» Task prompt
Leave out the lines before the one with "Ducklings photographic print"; output that line and all remaining lines of the records exactly.

» Short text fragments from websites

════════

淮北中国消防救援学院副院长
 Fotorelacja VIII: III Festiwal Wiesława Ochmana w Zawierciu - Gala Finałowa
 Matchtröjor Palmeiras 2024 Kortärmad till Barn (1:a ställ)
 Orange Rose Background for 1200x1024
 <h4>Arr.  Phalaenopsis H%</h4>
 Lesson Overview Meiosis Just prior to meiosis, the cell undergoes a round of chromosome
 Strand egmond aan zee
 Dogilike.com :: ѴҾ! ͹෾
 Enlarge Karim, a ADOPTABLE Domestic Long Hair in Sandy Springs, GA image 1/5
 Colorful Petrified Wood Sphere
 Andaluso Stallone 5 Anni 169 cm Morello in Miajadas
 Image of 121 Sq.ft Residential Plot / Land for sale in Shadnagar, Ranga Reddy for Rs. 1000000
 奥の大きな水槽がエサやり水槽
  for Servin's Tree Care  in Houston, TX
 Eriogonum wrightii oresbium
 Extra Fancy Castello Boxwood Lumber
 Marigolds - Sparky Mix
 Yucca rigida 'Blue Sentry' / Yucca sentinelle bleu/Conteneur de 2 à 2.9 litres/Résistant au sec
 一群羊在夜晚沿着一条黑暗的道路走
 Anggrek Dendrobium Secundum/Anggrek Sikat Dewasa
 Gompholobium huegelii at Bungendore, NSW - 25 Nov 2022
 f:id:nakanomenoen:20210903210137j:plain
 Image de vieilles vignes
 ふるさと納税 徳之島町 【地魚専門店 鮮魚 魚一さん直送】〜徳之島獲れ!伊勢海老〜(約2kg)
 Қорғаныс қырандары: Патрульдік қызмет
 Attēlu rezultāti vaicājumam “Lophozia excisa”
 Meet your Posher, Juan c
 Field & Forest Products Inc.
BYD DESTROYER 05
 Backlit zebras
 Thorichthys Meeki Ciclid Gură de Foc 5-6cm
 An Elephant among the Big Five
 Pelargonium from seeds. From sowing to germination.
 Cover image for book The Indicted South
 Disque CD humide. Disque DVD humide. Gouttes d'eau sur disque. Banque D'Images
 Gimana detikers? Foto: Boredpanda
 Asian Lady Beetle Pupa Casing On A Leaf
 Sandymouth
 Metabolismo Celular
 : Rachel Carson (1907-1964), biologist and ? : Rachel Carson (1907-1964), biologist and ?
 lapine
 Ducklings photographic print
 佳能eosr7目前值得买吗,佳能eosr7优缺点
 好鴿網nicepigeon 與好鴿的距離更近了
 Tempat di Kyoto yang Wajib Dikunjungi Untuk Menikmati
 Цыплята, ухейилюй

════════

» Response
 Ducklings photographic print
 佳能eosr7目前值得买吗,佳能eosr7优缺点
 好鴿網nicepigeon 與好鴿的距離更近了
 Tempat di Kyoto yang Wajib Dikunjungi Untuk Menikmati
 Цыплята, ухейилюй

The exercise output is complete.